Polaroid

 

12/03/2014

Her hair was naturalized to the change in climate but hadn’t given up the qualities

of the hair of idyllic girls in shitty movies about surfing because she grew up down

the street from shitty movies about surfing and sometimes when they both got off

school they would do each others hair. Her skin had the same relationship with the

elements, trading time for color, exposure for tone, love for the color of the most

valuable substances on earth (wheat, gold, mangoes). Her eyebrows were structurally

sound, and appropriately placed over liquid.
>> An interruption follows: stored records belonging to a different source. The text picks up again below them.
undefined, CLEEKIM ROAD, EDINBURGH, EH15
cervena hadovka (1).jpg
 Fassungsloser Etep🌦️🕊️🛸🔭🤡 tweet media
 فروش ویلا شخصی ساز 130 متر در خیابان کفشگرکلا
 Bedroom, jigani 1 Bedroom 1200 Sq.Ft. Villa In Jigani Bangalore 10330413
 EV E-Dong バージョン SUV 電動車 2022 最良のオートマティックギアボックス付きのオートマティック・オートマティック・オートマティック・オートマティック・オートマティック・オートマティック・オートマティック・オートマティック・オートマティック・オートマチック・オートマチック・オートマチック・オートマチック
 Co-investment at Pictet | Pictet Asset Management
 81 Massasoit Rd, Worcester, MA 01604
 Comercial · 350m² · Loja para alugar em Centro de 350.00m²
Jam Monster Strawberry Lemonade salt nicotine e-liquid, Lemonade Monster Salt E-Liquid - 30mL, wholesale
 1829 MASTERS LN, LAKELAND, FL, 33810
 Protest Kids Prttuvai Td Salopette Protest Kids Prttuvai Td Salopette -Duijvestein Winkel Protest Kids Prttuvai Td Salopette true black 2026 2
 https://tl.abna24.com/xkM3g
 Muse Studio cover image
Her skin is soft and you can see her

throat well enough to tell that is is pebbled and catching like girls throats are for

whatever reason. The metal through her septum is the focal point that introduces

the two lines connecting her nose and mouth that made her beauty hyper-real. Her

neck is thin like a DiTerlizzi elf and her hair is winning a game of RISK with her

clavicle. A black cord crosses from the point here neck starts being her shoulder

and swings across her biological collar into the bronze sheet of her hair like Indiana

Jones’ airplane flying from Busan to Shykment. Her rightmost clavicle is similarly

subjugated by a cream-colored garment that is probably a normal material but in the

photograph appears to be ridged with vertical veins like a bay leaf. If asked, she

could probably provide four or five Native species with similar vein structure and

two digs at the asker for being interested in something that obscure and specialized

and / or a hand applying light force to an arm or torso if the dig was not understood

as being all absolutely in fun. Her lips are ten-minute-old bubblegum and the big peace

signs through her ears are the same color as the metal in her nose. The shrub piece

occupying the background behind her head is vibrantly green with patches of neon

yellow like the tubular light collecting structures meant for wearing to concerts with

bass-heavy dance music and tanned women on ecstasy. There’s a darker green

leaf poised above her left shoulder as if it was just about to get her attention.